As it was rough pathing a block of MDF and little over half of the work done, the z axis failed to raise properly, and seemed to actually dive deeper than programmed (about 3 mm instead of 1) each time it had to descend.
I am new to this job but the people here say the machine has done this before.
I would appreciate any guidance towards finding out how to fix this.
Thank you
Many possibilities. I would try reducing the Z axis speed and especially the permitted Z axis acceleration.
Cheers
Roger
You can try reducing the Z axis speed.
Last edited by burs; 06-25-2020 at 10:09 AM.

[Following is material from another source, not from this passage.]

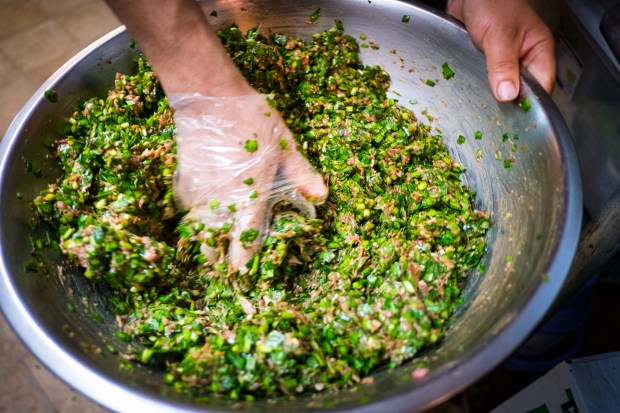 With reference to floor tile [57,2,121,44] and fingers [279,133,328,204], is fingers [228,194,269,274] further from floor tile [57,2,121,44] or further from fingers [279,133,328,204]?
floor tile [57,2,121,44]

Hi Dig - Firstly determine that the Z axis is moving the correct amount ie its calibrated. Then check the Z axis is mechanically in correct order, nothing loose or tight or wrong. (or do this first). If both these are correct then look at your tooling. Is the tool being used suitable for plunging? Does it have bottom clearance eg if the bottom of the tool fills up with sawdust it can't plunge or it has a very flat bottom, is this why you are cutting in 1mm levels? Not much of a cut?

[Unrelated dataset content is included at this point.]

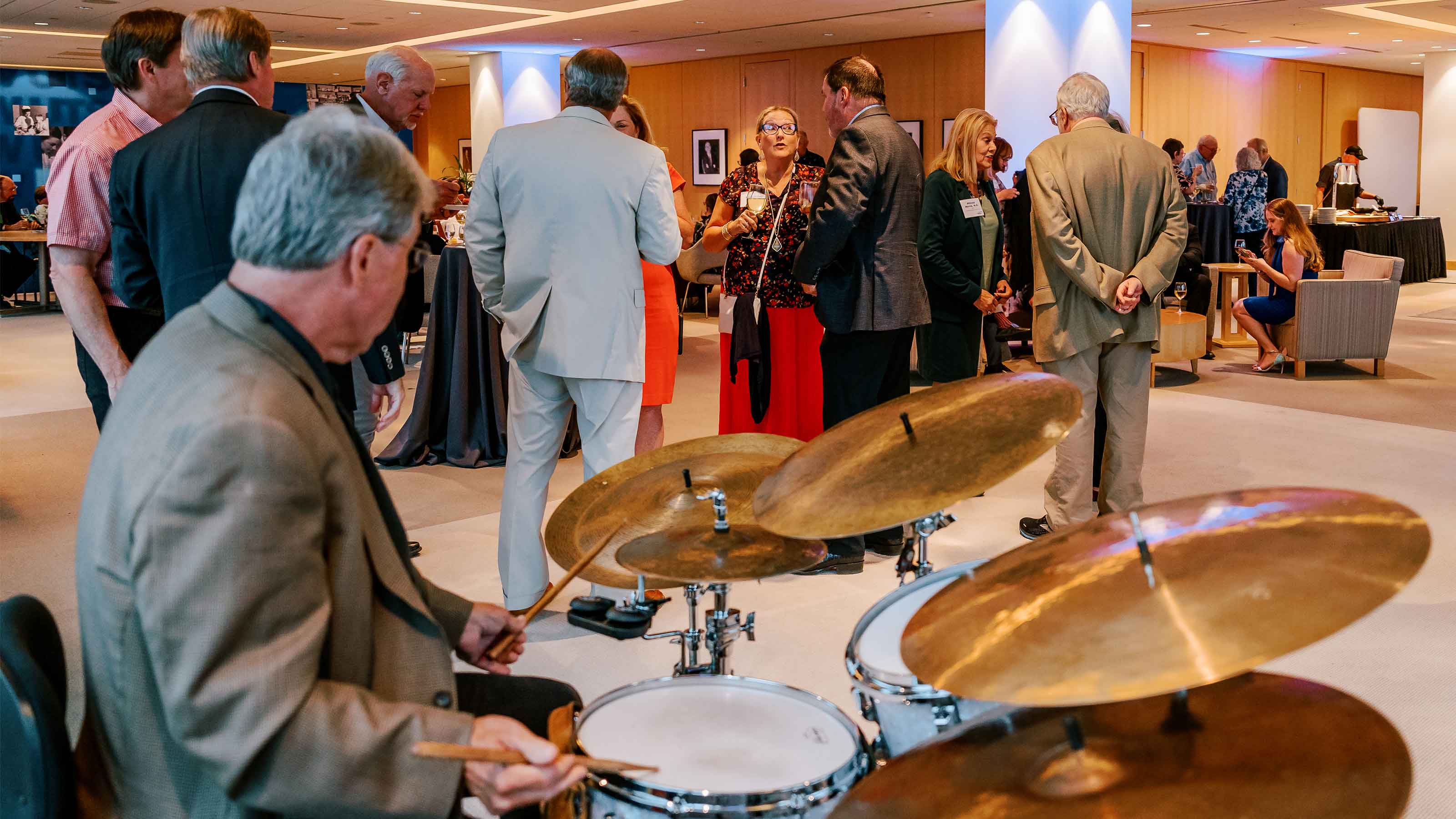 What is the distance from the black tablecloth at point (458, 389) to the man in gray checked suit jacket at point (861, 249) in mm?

If the plunge stalls the Z motor CAM thinks its lower then it is, then next cut it cuts deeper. If you can program a ramp vs a plunge this helps or a spiral start hole. "The failed to raise" is a clue as the machine thinks its deeper then it actually is, this indicates the Z stalled and lost steps in the plunge. Photo of end of tool will help...Cheers Peter
If it looses steps on the plunge it may stay high, I have to think hard about the logic... if MDF level is 0 and its meant to go to -1 then it stalls so z0 now is z0=-1 now its told to go to -2 so it goes to -1+-2=-3 so theres your 3mm dive.... I think Peter
Last edited by peteeng; 06-17-2020 at 05:55 PM.
On a machine without positional feedback the control runs blind.

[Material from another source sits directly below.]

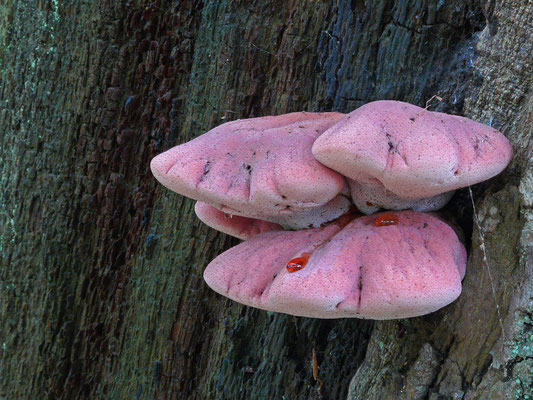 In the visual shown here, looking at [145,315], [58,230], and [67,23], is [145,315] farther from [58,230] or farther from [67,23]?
[67,23]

If the g-code is (not running incremental in this example) G01 Z-1 F100 but the z axis stalls at Z0 the machine 'believes' it's plunged to Z-1.
If the next line is G01 Z1 F100 the machine only 'knows' it's commanded to move 2 units positive on Z axis. If it makes this move successfully the machine will be at Z2 instead of the expected Z1.
If the machine is running deeper than programmed due to lost steps the first place to look is the retract moves.
Anyone who says "It only goes together one way" has no imagination.